This guy, Tucker, is one of the 4-legged loves of my life. In previous posts I’ve written about how through our daily romps in the woods around my land and walks around the neighborhood he reminds me about what’s most important in life, especially as I veer off into thoughts about my unanswered emails, calls, bills needing attention, etc. (Refer to “Its’ All About the Ball!”)
I share him with our next door neighbors Peggy and Dave who inherited him, not having had an agenda or a wish for such a demanding, messy creature. They love Tucker but Dave isn’t a dog guy. So our arrangement works. I don’t have a dog of my own, so Tucker is it. He lives at Peggy and Dave’s, but his heart lives with me.

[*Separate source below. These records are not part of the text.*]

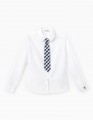 Купить белую блузку с декоративным галстуком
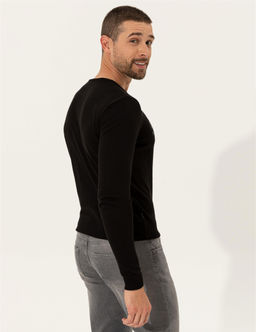 Siyah Slim Fit Bisiklet Yaka Triko Kazak - Pierre cardin фото 5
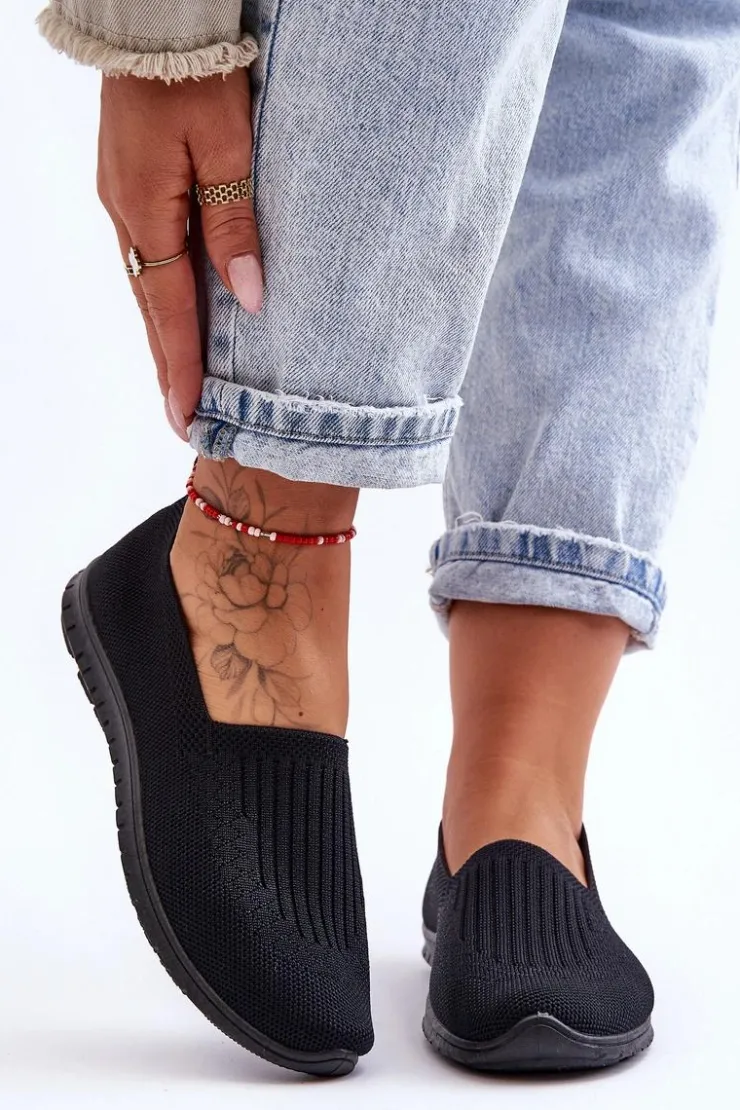 Damskie Evento Damskie Trampki Tenisówki Wsuwane Czarne Lento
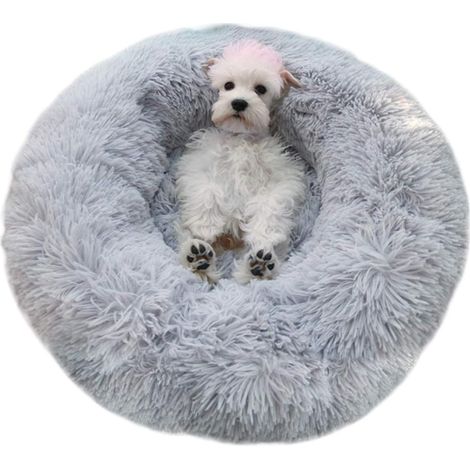 Cama redonda con forma de rosquilla para perros y gatos - Suave y cálida - Saco de dormir cómodo para primavera y otoño (gris claro, 50 cm) (1/5)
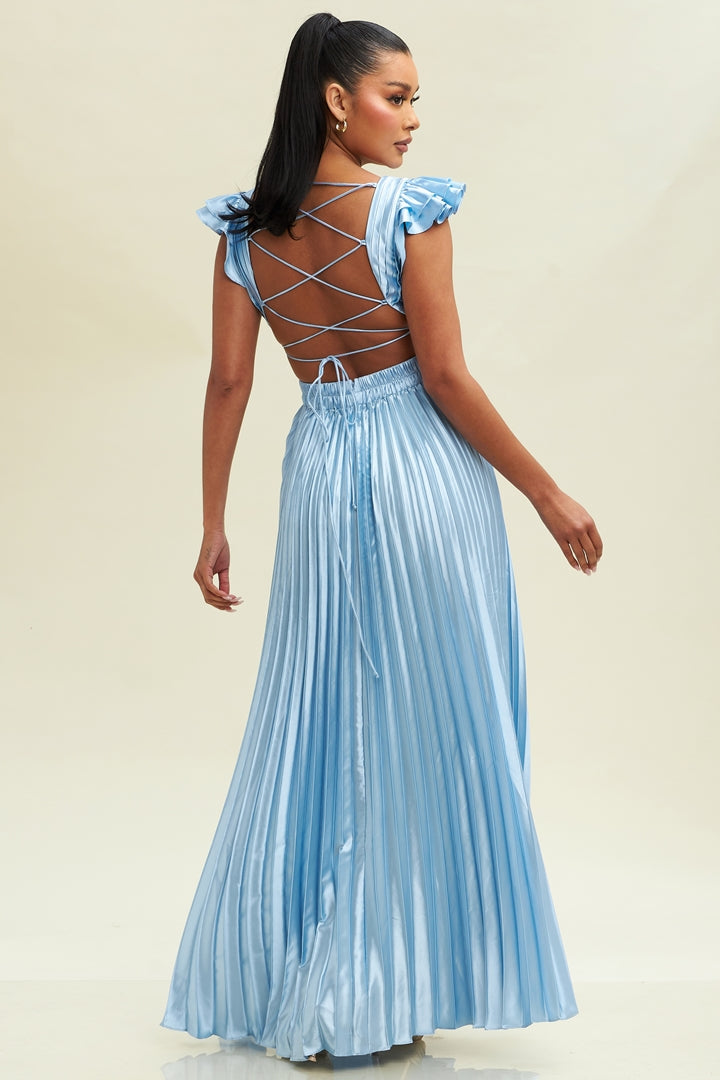 Elegant Light Blue Pleated Band Detailed V-Neck Ruffle Back Tie-Up Satin Maxi Dress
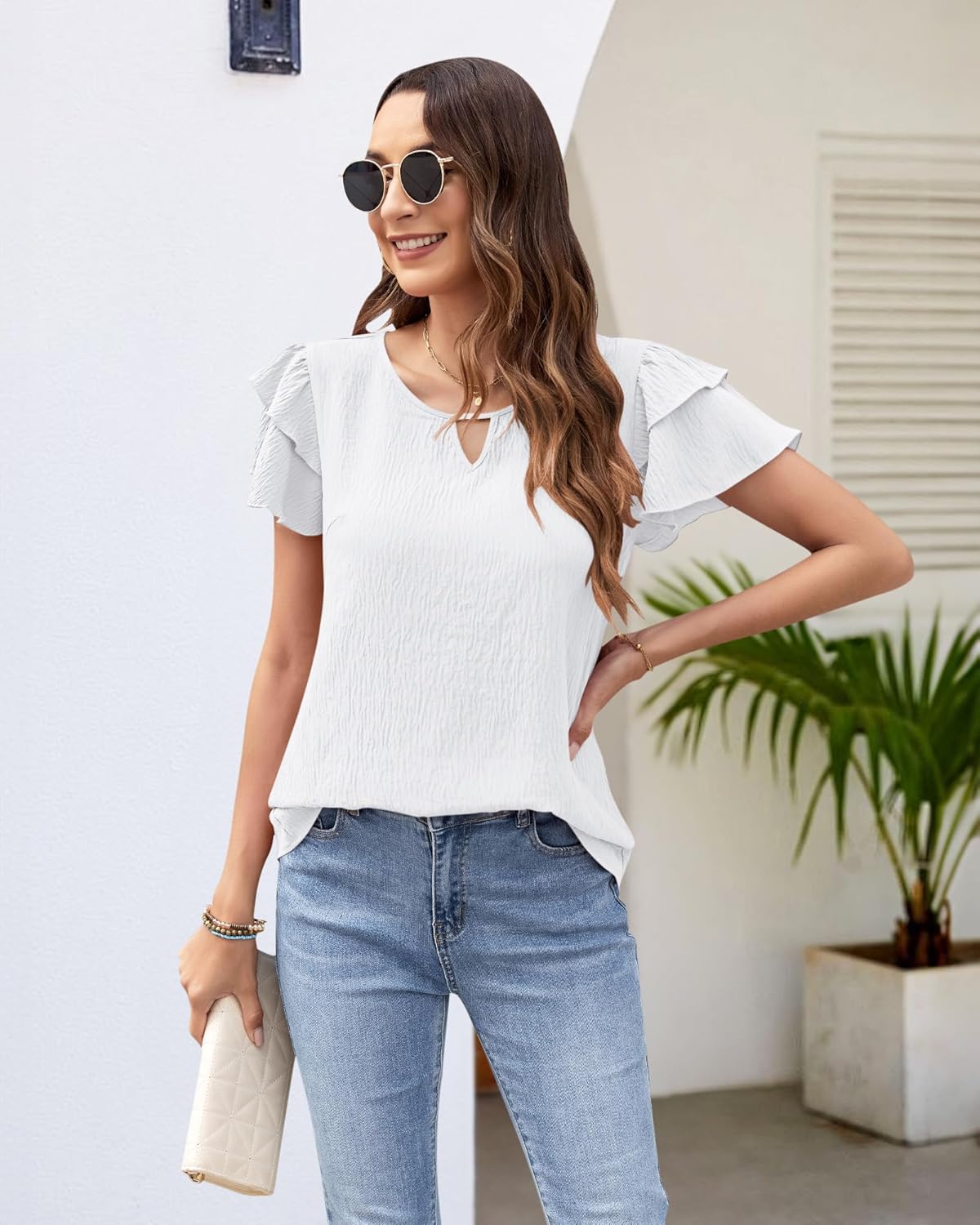 MOLERANI Blouses for Women Dressy Casual Tops Business Work Short Ruffle Sleeve Cute Summer Shirts Trendy Outfits 2025,White,S - Image 4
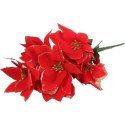 Bukiet 7 POINSECJI Z BROKATEM 33 cm KOLOR CZERWONY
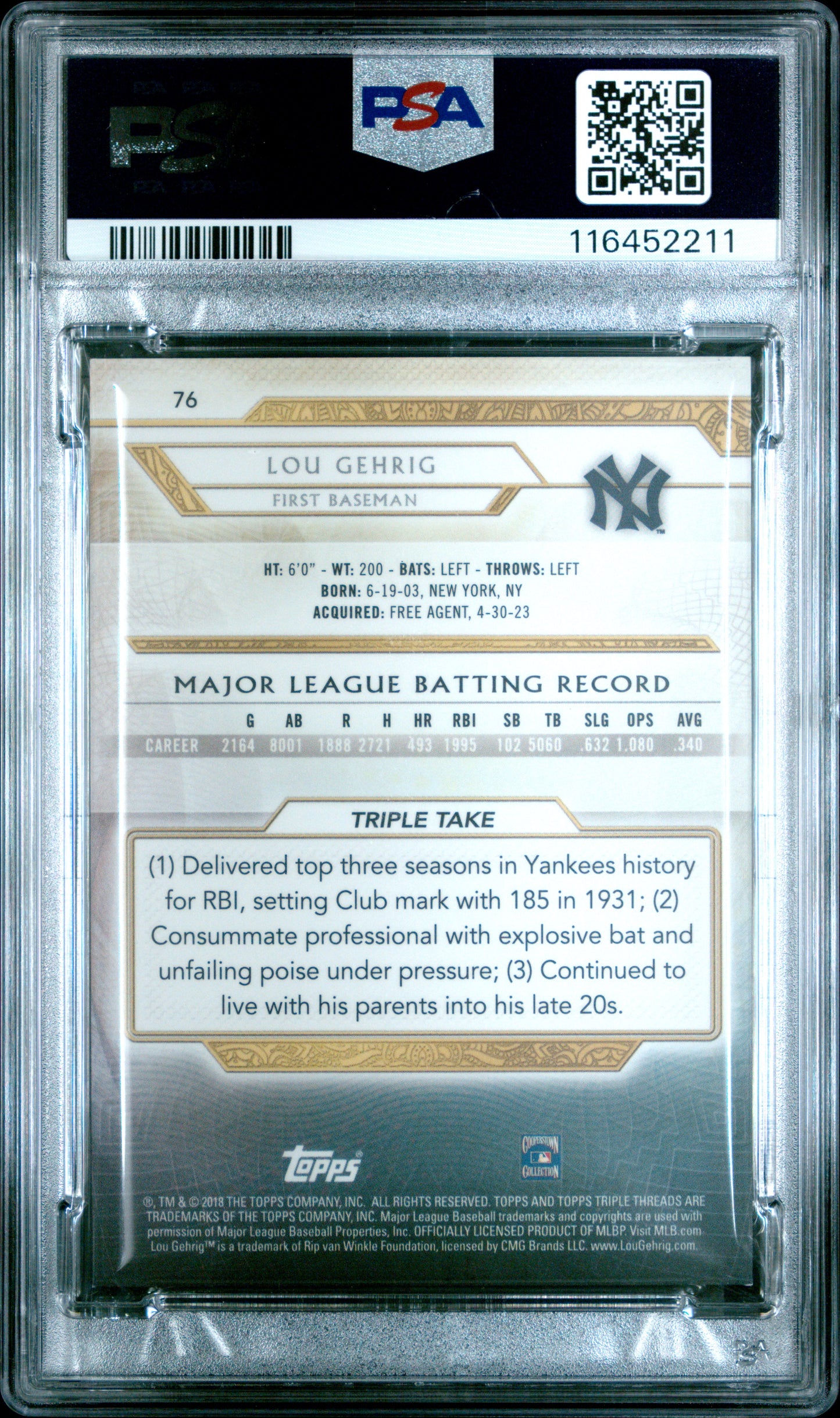 2018 Topps Triple Threads #76 Lou Gehrig Sapphire PSA 8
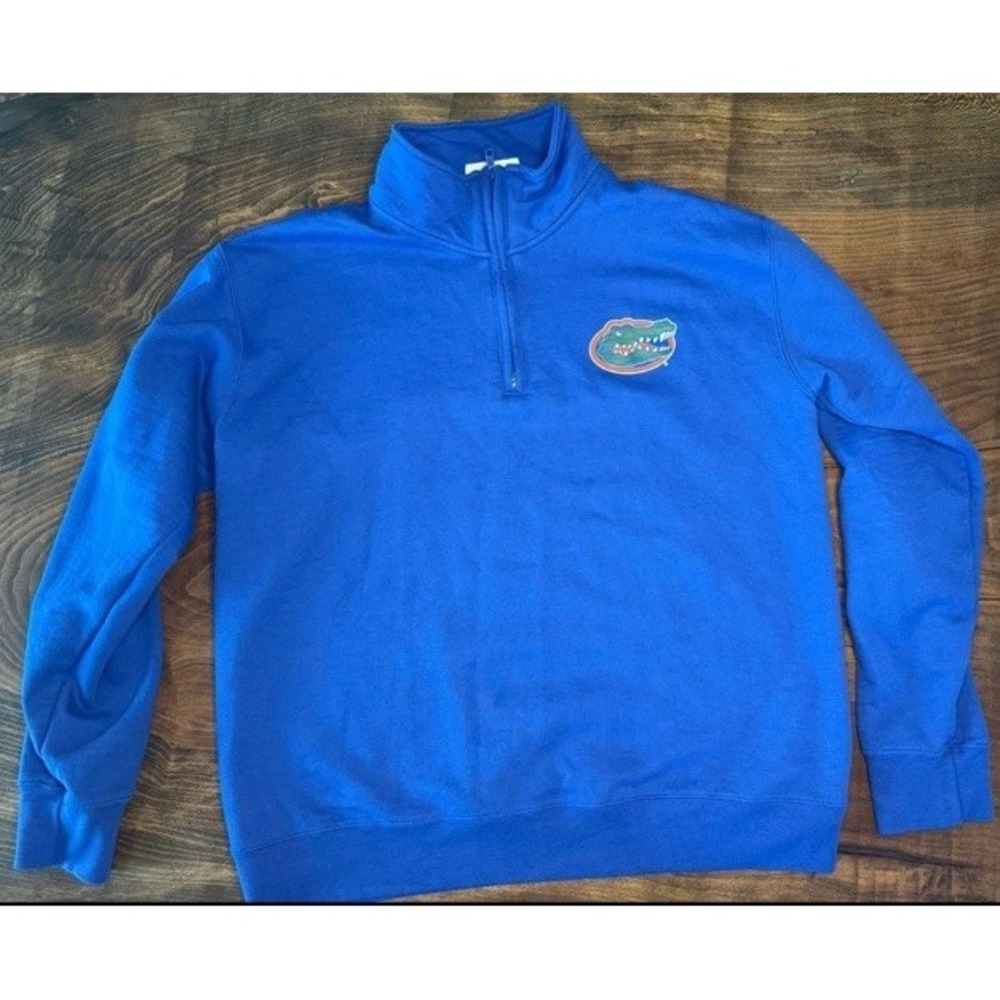 Champion Florida Gators Mens Powerblend 1/4 Zip Pullover Jacket Blue Large NCAA‎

Here’s the thing: Tucker at 7 years old has terminal cancer. Six months after surgery to remove a huge malignant mass on his thyroid the cancer is back. After a subsequent evaluation, the vet gave him about 7 months to live. My challenge is how to manage the pain of witnessing his imminent suffering and probably losing him not long from now, without wasting precious time we have together today – time for joy and much fun. It’s a mind screw and a heartbreak – right now he has minor symptoms – some weakness in his legs and some coughing, but other than that he still acts like an exuberant toddler, full of sweetness, innocence and life.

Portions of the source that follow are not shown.